4zoltan, thank you very much for posting the Google link to TR’s book. Thanks, Seizethecarp, for alerting me to it. It is very interesting.

To your point, Seizethecarp, it appears that when TR mentioned Jackson and Arthur, he was referring to the concept of foreign nations granting citizenship to U.S. citizens whose parents were foreign-born. I assume he was aware that Arthur’s father was foreign-born and was not concerned with or even aware of the date of his naturalization.

On a separate note, TR’s feelings about dual citizenship are very interesting. The following is a section prior to his comments about Jackson and Arthur.
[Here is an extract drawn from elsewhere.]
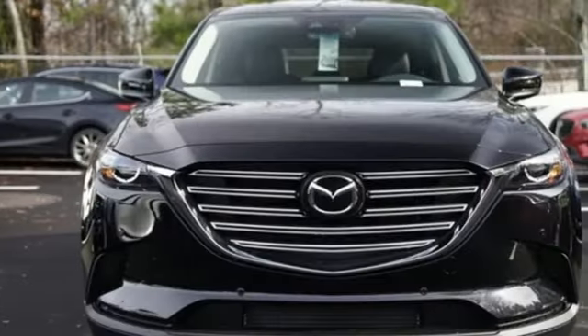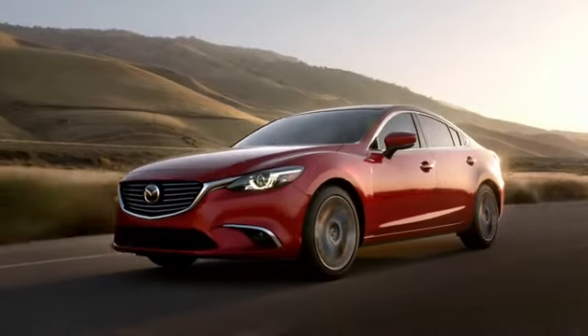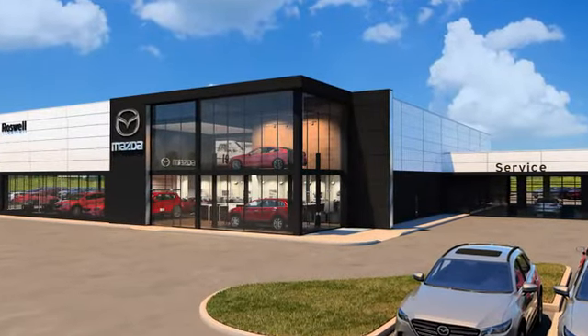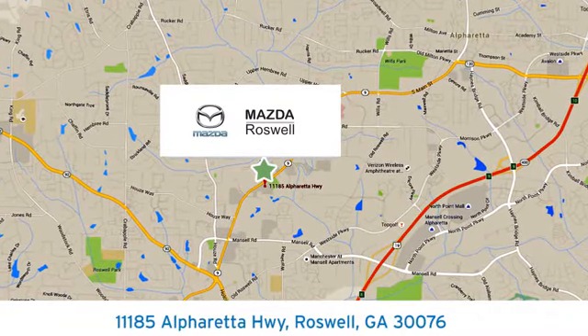With Mazda, driving is what matters most. Hurry in today for a test drive. For your cure for the common commute, visit today. We're conveniently located at 11185 Alpharada Highway in Roswell, Georgia.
I hold that it is the clear duty of the American people immediately to repudiate the doctrine thus laid down by the Wilson Administration. According to this doctrine there are in our country very many citizens—and, as a matter of fact, this ruling would apply to millions of citizens—who are “born with a dual nationality.” Two or three years ago it was announced that Germany had passed a law by which she provided for her citizens, who became naturalized in the United States or elsewhere, the means of also retaining their German citizenship, so that these men would preserve a dual citizenship, what the Department of State in this letter of April 2nd last calls “ a dual nationality.” I hold that it was the business of our Government as soon as this statement was published to investigate the facts, to require would-be citizens to repudiate this law, and to notify the German Government that we protested against and would refuse to recognize its action; that we declined to recognize or acquiesce in the principle of such a dual citizenship or a dual nationality; that we would hold naturalized citizens to the full performance of the duties of American citizenship, which were necessarily exclusive of and inconsistent with the profession of citizenship in or allegiance to any other nation, and that in return we would extend the same protection to these citizens that is extended to native-born citizens. Such action was not taken. It is a reproach to us as a nation that it was not taken. We should not for a moment tolerate the assumption by Germany or by any other foreign power that foreign-born citizens of the United States can retain any citizenship in or allegiance to the country from which they came. But the present case is even worse. It seems incredible that the Department of State can promulgate the doctrine of dual nationality promulgated in its letter above quoted. Yet it has been asserted and reasserted, both before and since Mr. Bryan left office. It is dangerously close to treason to the United States to hold that men born here of foreign parentage, men who have served in the militia in this country, who vote and hold office and exercize all the other rights of citizenship, and who in good faith are and always have been Americans, should, nevertheless, be blandly informed by the State Department that if they visit the countries in which their parents were born they can be seized, punished for evasion of military duty, or made to serve in the army.


1,240 posted on 03/12/2013 9:13:38 AM PDT by BuckeyeTexan (There are those that break and bend. I'm the other kind.)